CUMF (Compare UM Files)¶
This utility is used to compare two UM files and report on any differences
found in either the headers or field data. Its intended use is to test
results from different UM runs against each other to investigate possible
changes. An install of this module will include an executable wrapper script
mule-cumf which provides a command-line interface to most of CUMF’s
functionality, but it may also be imported and used directly inside another
Python script.
Command line utility¶
Here is the help text for the command line utility (obtainable by running
mule-cumf --help):
===========================================================================
* CUMF-II - Comparison tool for UM Files, version II (using the Mule API) *
===========================================================================
usage:
mule-cumf [-h] [options] file_1 file_2
This script will compare all headers and data from two UM files,
and write a report describing any differences to stdout. The
assumptions made by the comparison may be customised with a
variety of options (see below).
optional arguments:
-h, --help show this help message and exit
--ignore component_name=index1[,index2][...]

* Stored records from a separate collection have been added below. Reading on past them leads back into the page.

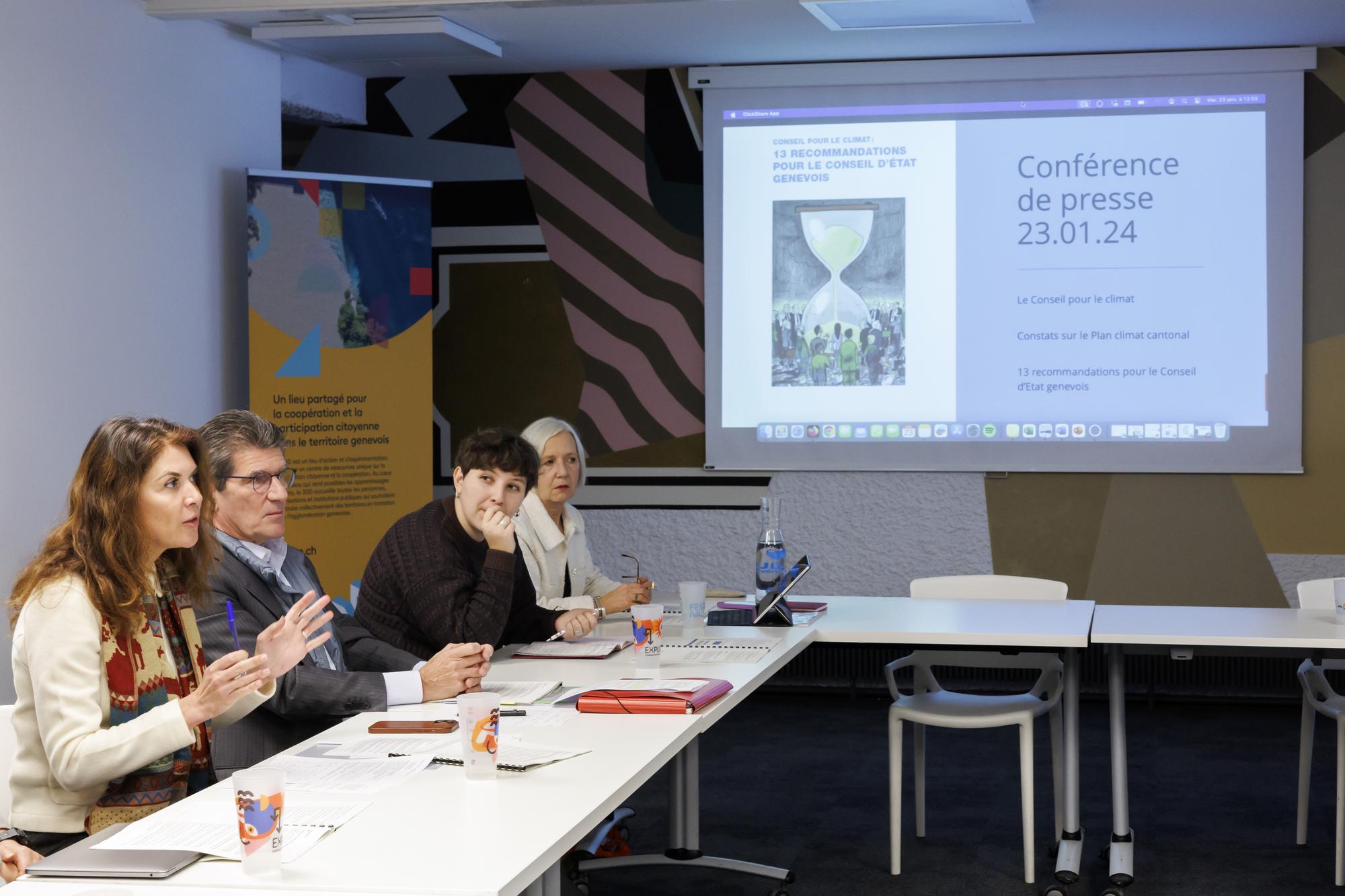 Sophie Swaton, gauche, presidente du Conseil pour le climat, accompagnee des membres du Conseil pour le climat Patrick Odier, 2e gauche, Marion Lanci, 2e droite, et Manuela Cattani, droite, presente le rapport du Conseil pour le climat lors d'une conference de presse, ce mardi 23 janvier 2024 a Geneve. Instaure a Geneve pour evaluer le Plan climat cantonal et compose de representants de la societe civile, le Conseil pour le climat estime que des efforts importants doivent encore etre accomplis pour que le canton parvienne a la neutralite carbone en 2050, comme il se l'est fixe. Cet objectif est inatteignable en l'etat, souligne l'instance de consultation dans un rapport publie mardi. (KEYSTONE/Salvatore Di Nolfi)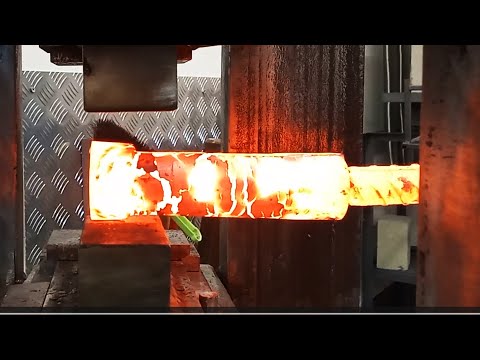 Видео: 20 Ковка клинка из закрученного дамаска | ч.1 подготовка стали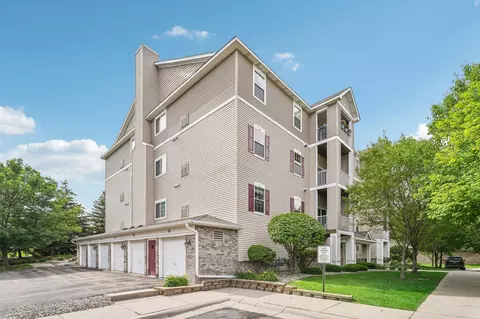 12761 Collegeview Dr #201, Eden Prairie, MN 55347
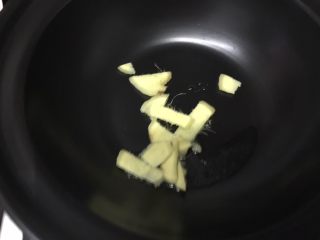 17、砂锅紫苏脆鲩鱼,放入姜片爆香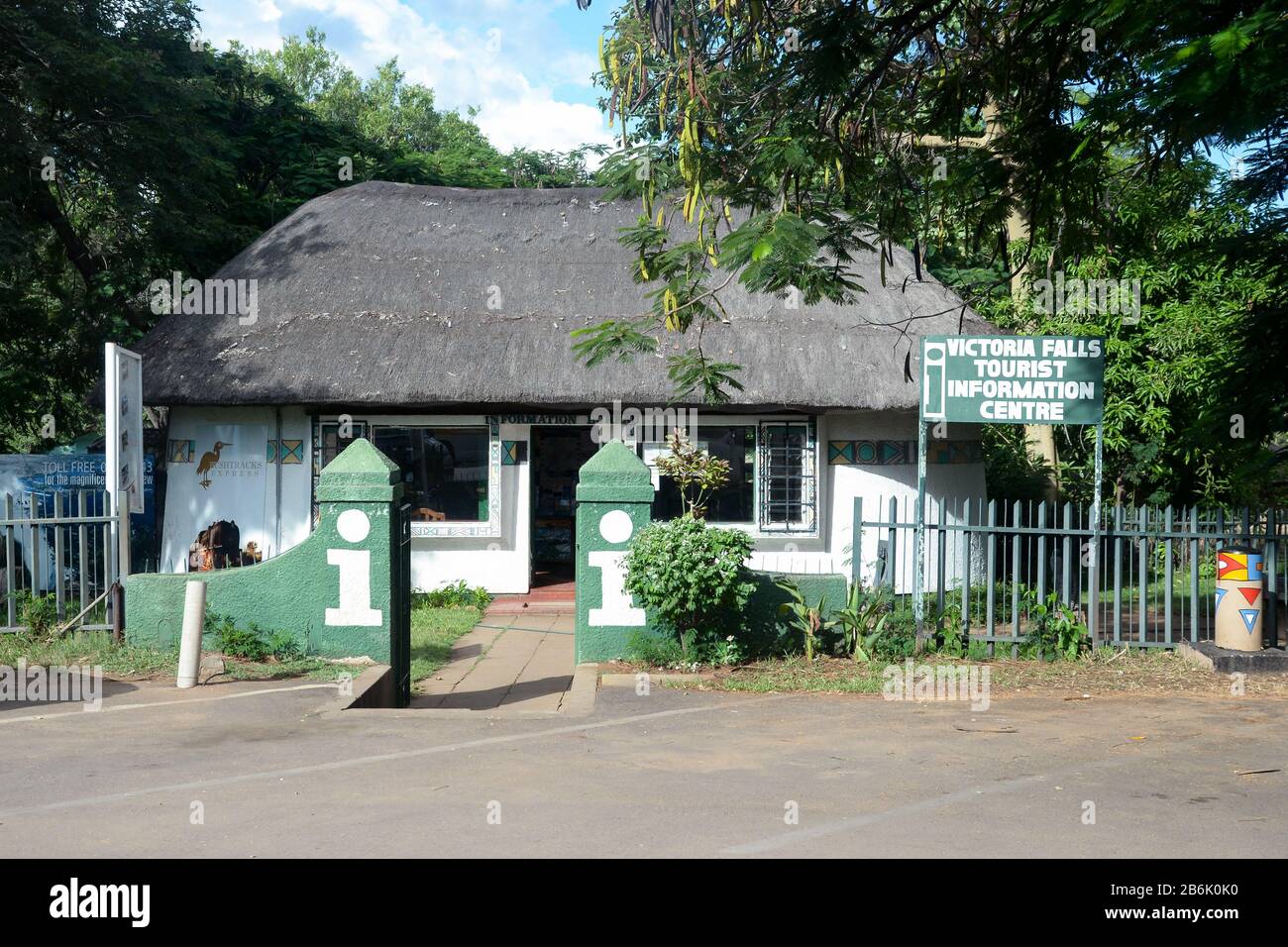 Centro informazioni turistiche a Victoria Falls, Zimbabwe. Casa verde con tetto sorvegliato. Centro di assistenza turistica in Zimbabwe. Foto Stock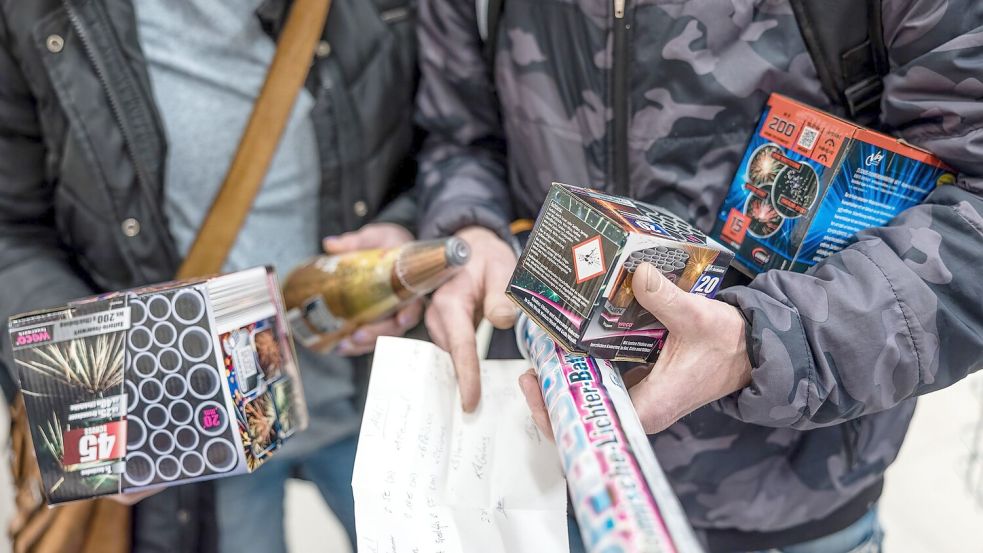 Am Montag startet der Verkauf von Silvesterfeuerwerk offiziell. (Archivbild) Foto: Frank Hammerschmidt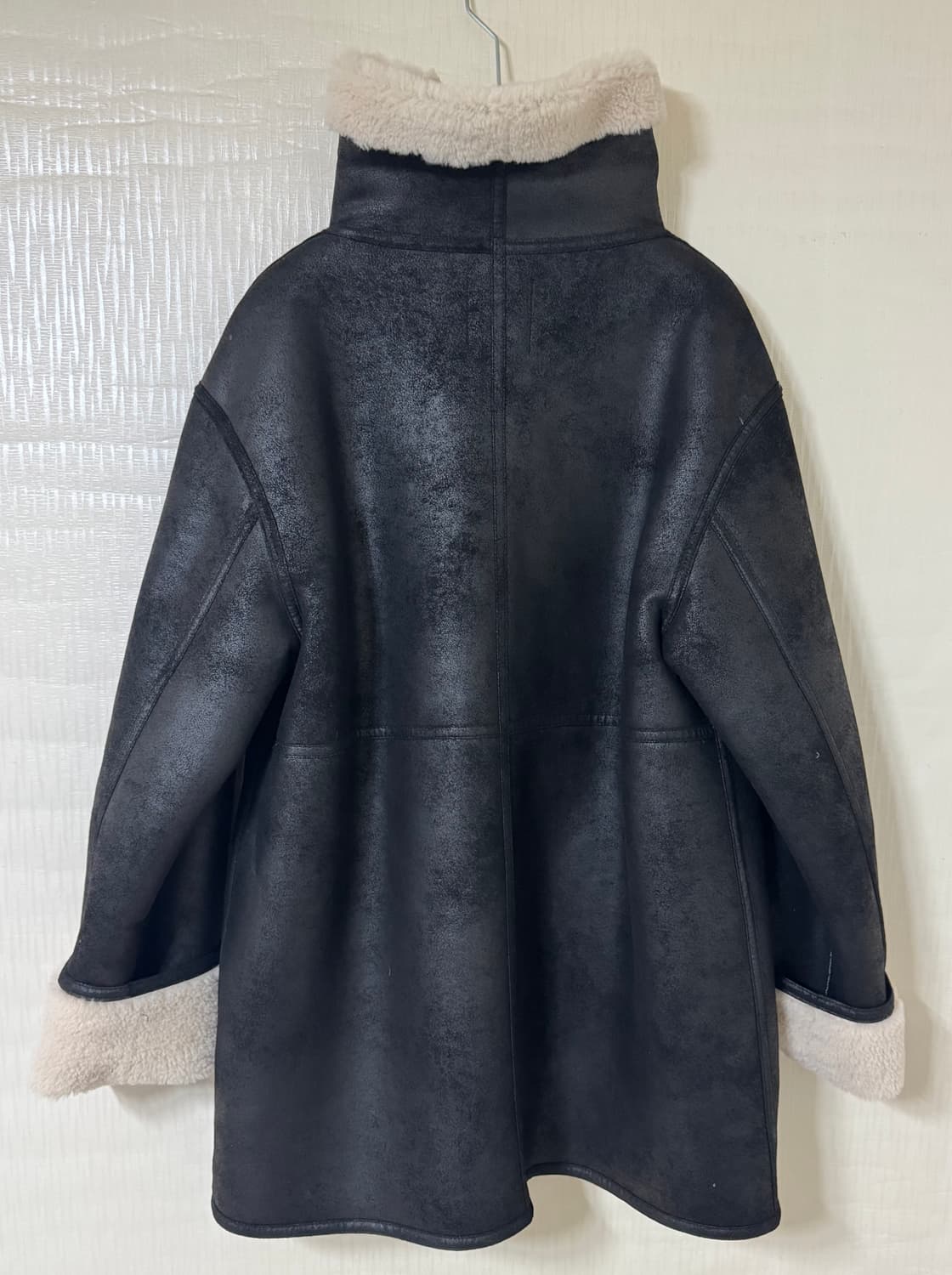 MANGO 무스탕 블랙 상품이미지5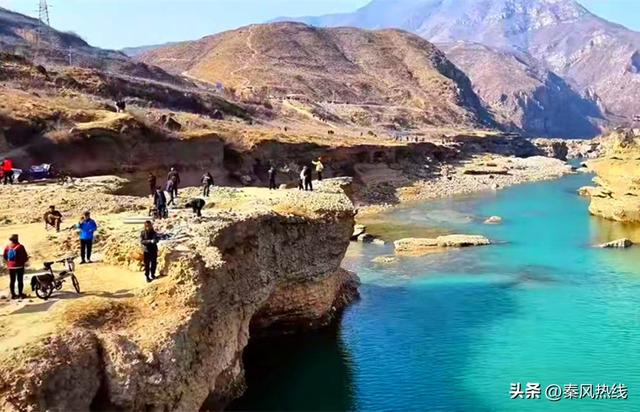 礼泉县湾里村:千年河道惊现奇特景观 一朝爆火引来亿级流量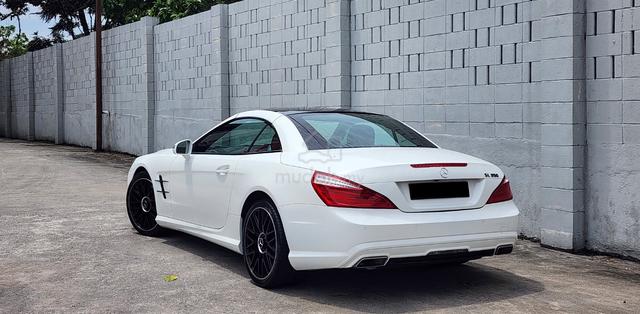 2014 Mercedes Benz SL350 BlueEFC 3.5 (A) AMG Sport - 2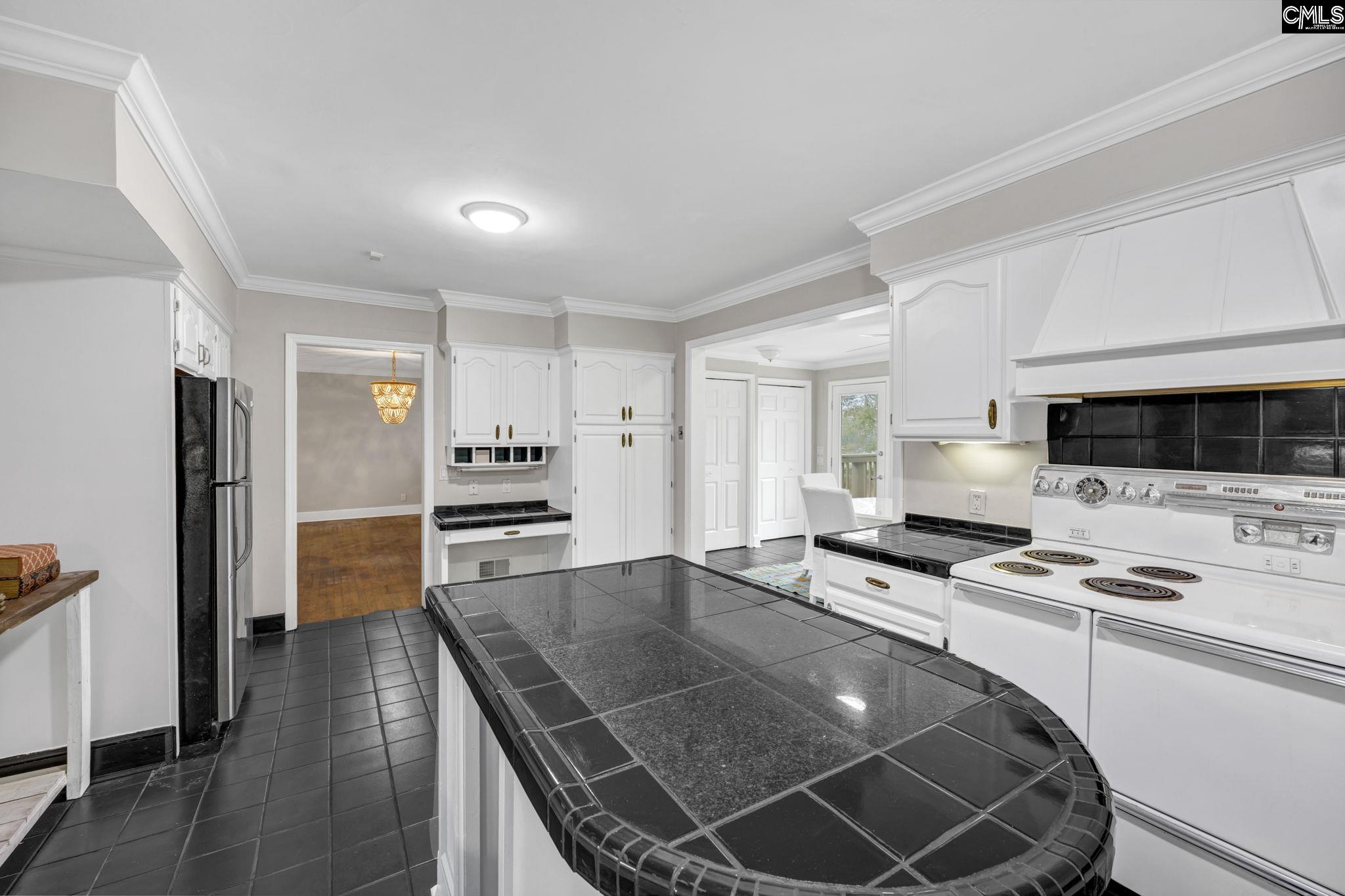 Columbia, South Carolina 29206, United States, 3 Bedrooms Bedrooms, ,3 BathroomsBathrooms,Residential,Pending,31611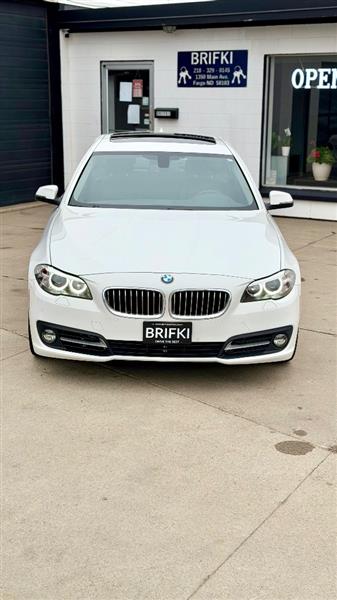 2016 BMW 5 Series 528i - Photo 6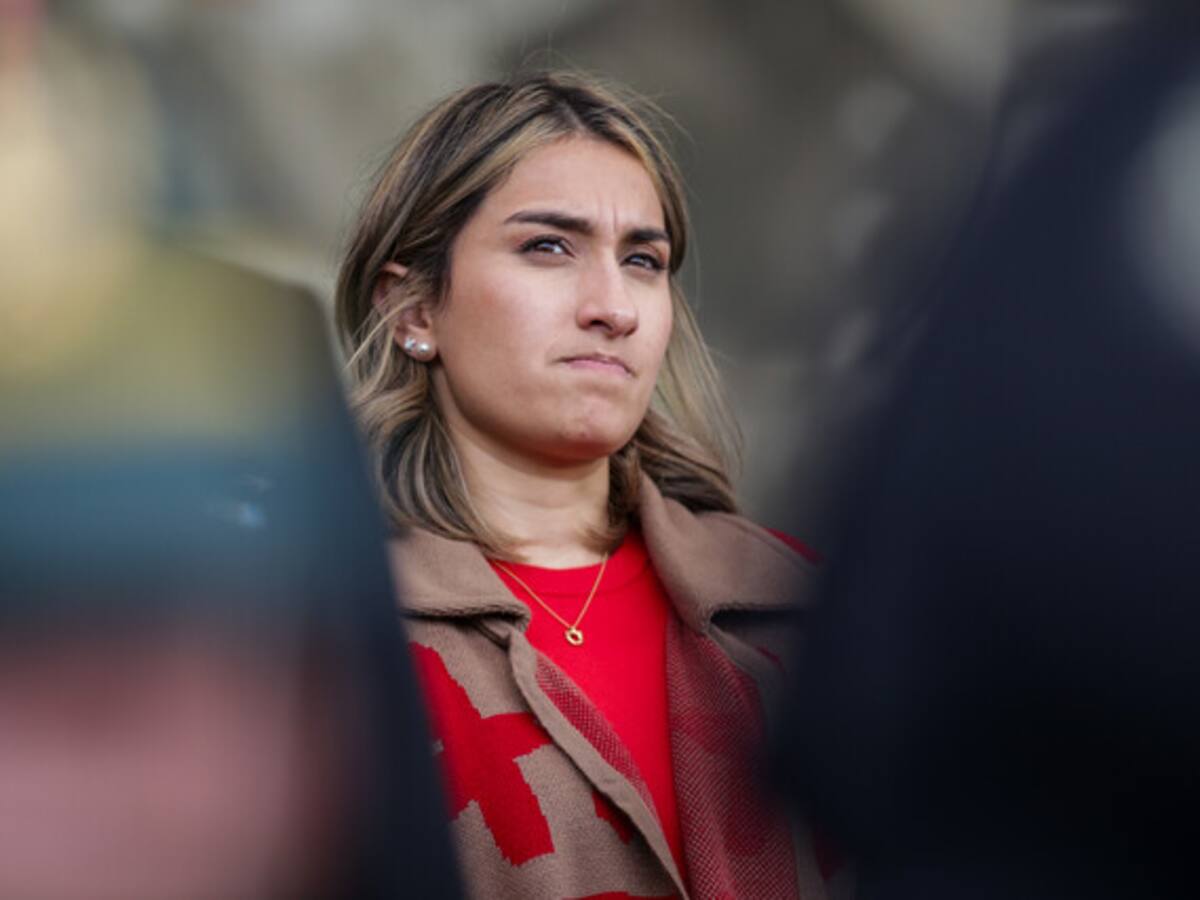 Al Oído: Laura Sarabia no se va, jaque mate a quienes, desde adentro, quieren su silla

ignore specific indices of a component; provide the name of
the component and a comma separated list of indices or ranges
(i.e. M:N) to ignore. This may be specified multiple times to
ignore indices from more than one component
--ignore-missing if present, positional headers will be ignored (required if
missing fields from either file should not be considered a failure
to compare)
--diff-file filename a filename to write a new UM file to which contains the
absolute differences for any fields that differ
--full if not using summary output, will increase the verbosity by
reporting on all comparisons (default behaviour is to only report
on failures)
--summary print a much shorter report which summarises the differences
between the files without going into much detail
--stashmaster STASHMASTER
either the full path to a valid stashmaster file, or a UM
version number e.g. '10.2'; if given a number cumf will look in
the path defined by:
mule.stashmaster.STASHMASTER_PATH_PATTERN
which by default is :
$UMDIR/vnX.X/ctldata/STASHmaster/STASHmaster_A
--show-missing [=N] display missing fields from either file. If given, N is the
maximum number of fields to display.
possible component names for the ignore option:
fixed_length_header, integer_constants, real_constants,
level_dependent_constants, row_dependent_constants,
column_dependent_constants, additional_parameters, extra_constants,
temp_historyfile, compressed_field_index1, compressed_field_index2,
compressed_field_index3, lookup
for details of the indices see UMDP F03:
https://code.metoffice.gov.uk/doc/um/latest/papers/umdp_F03.pdf
um_utils.cumf API¶
Here is the API documentation (auto-generated):
CUMF (Compare UM FieldsFiles) is a utility to assist in examining UM files.
Usage:
Compare
mule.UMFileobjects with theUMFileComparisonclass:>>> comp = UMFileComparison(umfile_object1, umfile_object2)This object can be manually examined for details, or you can print either a short summary or a full report (note a full report is a super-set of a summary report):
>>> summary_report(comp) >>> full_report(comp)Note
The field difference objects behave like the original fields, but their data stores the absolute differences. You could retrieve the data using “get_data” to examine it, or write it out to a file.
Global comparison settings:
The module contains a global “COMPARISON_SETTINGS” dictionary, which defines default values for the various options; these may be overidden for an entire script/session if desired, or in a startup file e.g.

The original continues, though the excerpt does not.